## [WHAT THE EXERCISE ASKS]
Please print every record below exactly as it appears, but leave out the pictures.

━━━━━ DATA EXTRACT

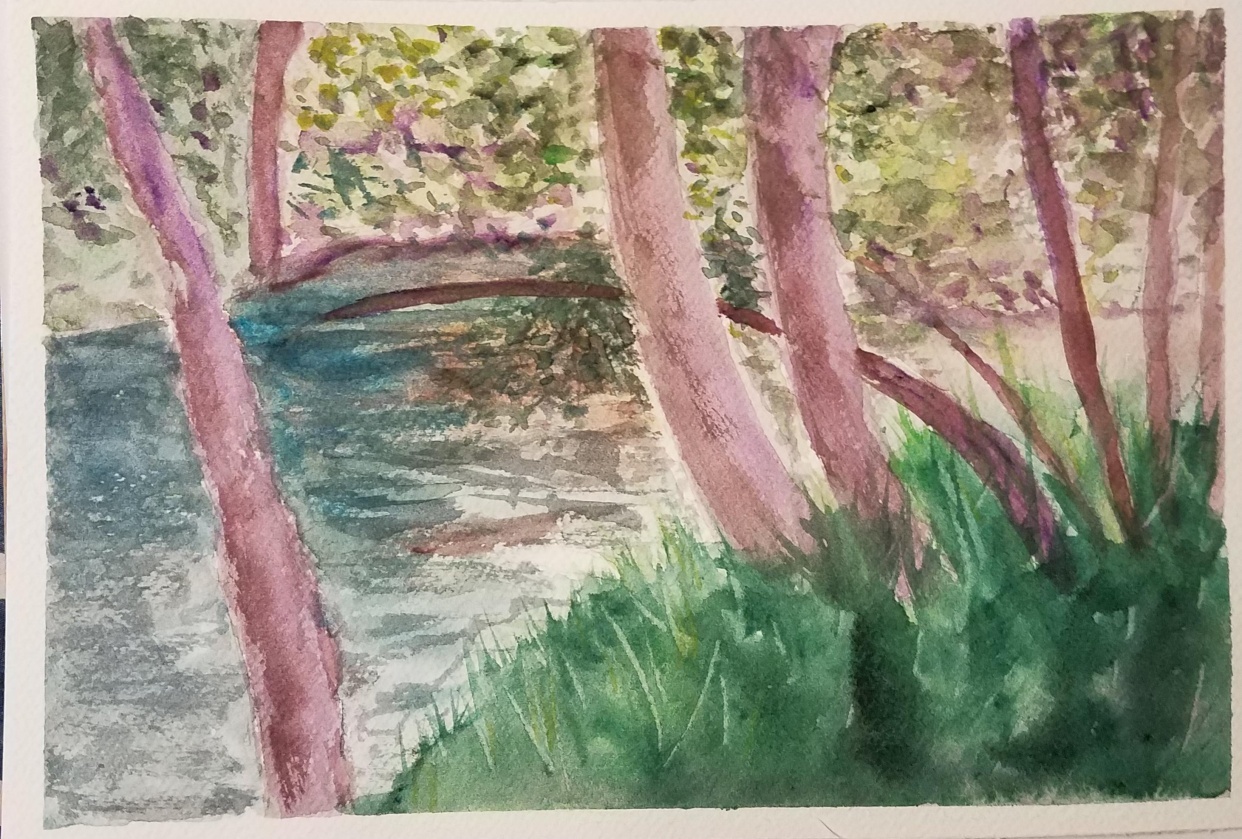 River bank - student project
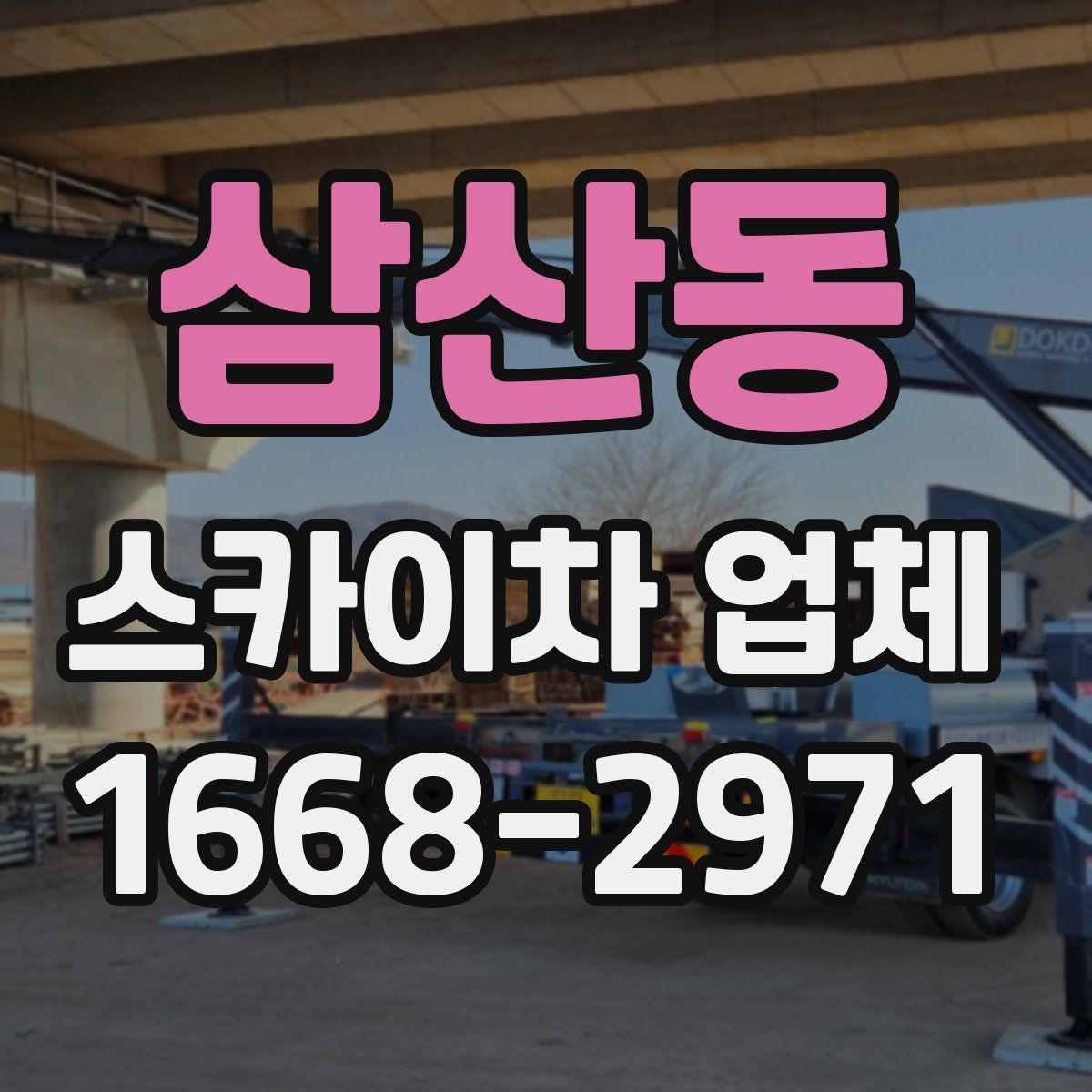 삼산동 스카이차 업체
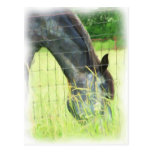 Oklahoma Horses 3 Postcards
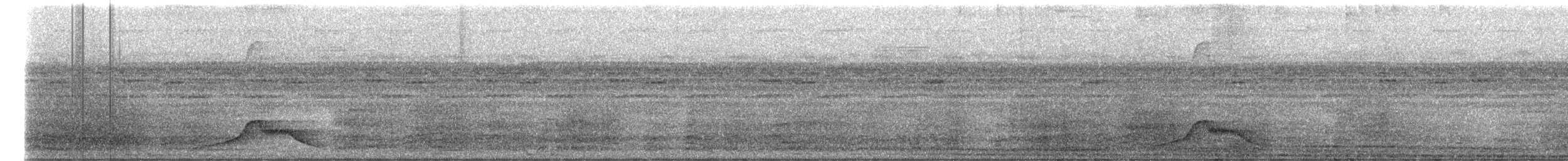 Common Pauraque - ML646229742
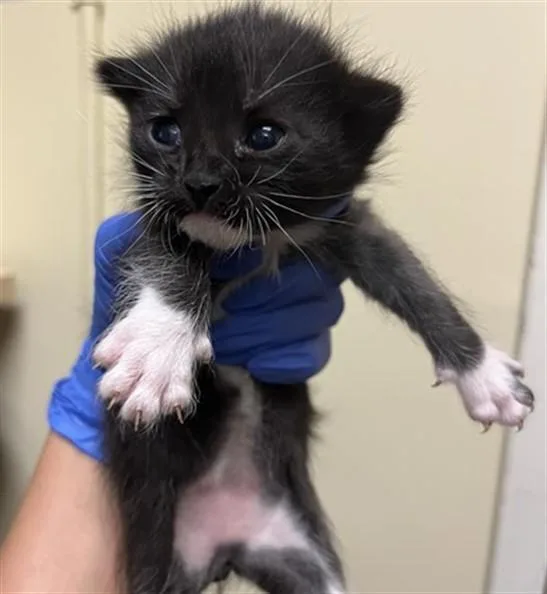 A baby small-sized male Domestic Short Hair cat named Fruit Loops for adoption in Sacramento, CA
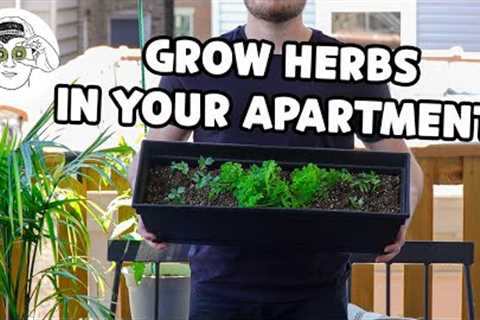 How to Easily Grow Your Own Cooking Herbs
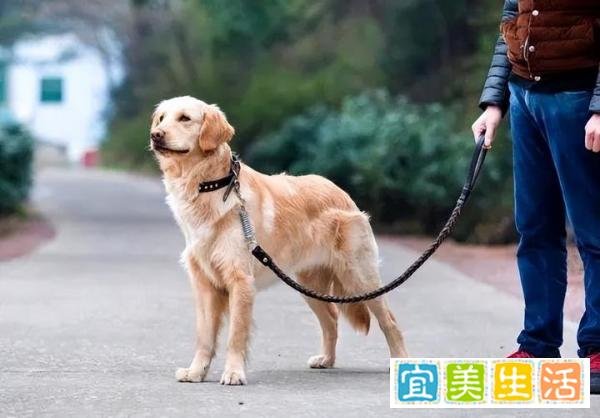金毛扑倒女子事件双方已和解,达成赔偿协议,狗狗正在医院治疗!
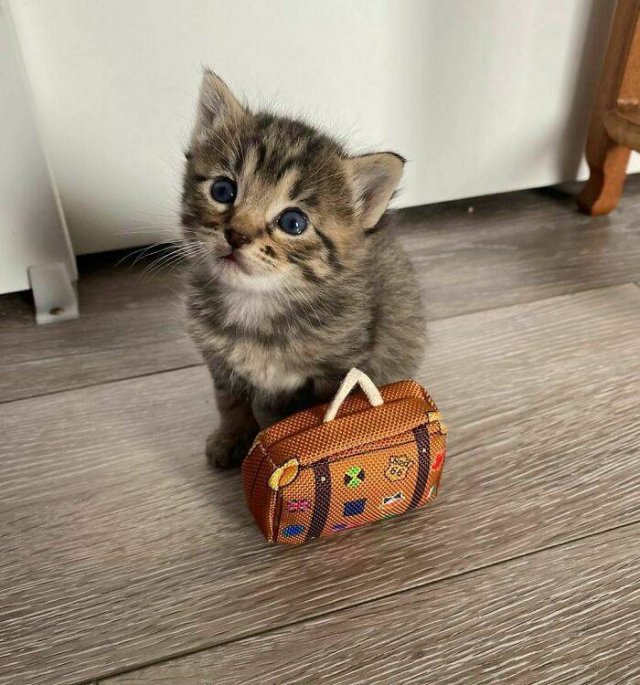Very Small Kittens (50 pics) Very Small Kittens (50 pics)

━━━━━━━━━━

## [WRITTEN SOLUTION]
 River bank - student project
 삼산동 스카이차 업체
 Oklahoma Horses 3 Postcards
 Common Pauraque - ML646229742
 A baby small-sized male Domestic Short Hair cat named Fruit Loops for adoption in Sacramento, CA
 How to Easily Grow Your Own Cooking Herbs
金毛扑倒女子事件双方已和解,达成赔偿协议,狗狗正在医院治疗!
Very Small Kittens (50 pics) Very Small Kittens (50 pics)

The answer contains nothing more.